Aside from what’s written into the contract, generally employees who have been employed for 2 years or longer have more legal rights than those who have been employed for a shorter period. However, even those with short service do still have rights, such as not to suffer discrimination or as whistleblowers. Make sure you understand all relevant rights and obligations.
Review All Relevant Background
As well as looking at the employee’s contractual documents, a thorough review of their personnel history, before starting a termination process, allows the employer to make an informed termination decision with managed risk.
For example, is there documentation to support the termination, including showing the reason for it and the employer’s attempt to tackle issues such as performance or misconduct with performance improvement plans and/or warnings? If not, then in some cases (especially for employees with 2 years’ employment or more) consider if it is necessary to delay the termination to create such a record. Alternatively, consider a negotiated exit (see ‘A Negotiated Exit’ below).
A review of the record will also reveal whether there are matters such as outstanding grievances or a history of health issues that ought to be taken into consideration.
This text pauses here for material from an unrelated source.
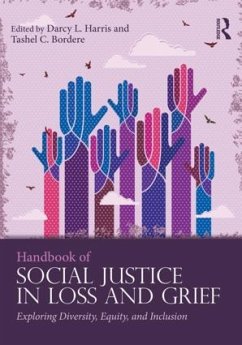 Handbook of Social Justice in Loss and Grief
If it is suspected that the employee has misappropriated company information or engaged in inappropriate use of the company’s computers or systems (eg internet use or messaging) consider whether to ‘shadow’ or monitor the employee’s computer and whether a forensic analysis should be conducted. A company policy should be in place stating that employees do not have an expectation of privacy in respect of company devices and systems. Also consider basic ‘Google’ or social media searches if concerned about an employee’s activities; it is often surprising how much is revealed. Sometimes you may need to hire an independent expert to retrieve data from your systems. If employees use their own electronic devices, consider whether and how you can remove company confidential information from them.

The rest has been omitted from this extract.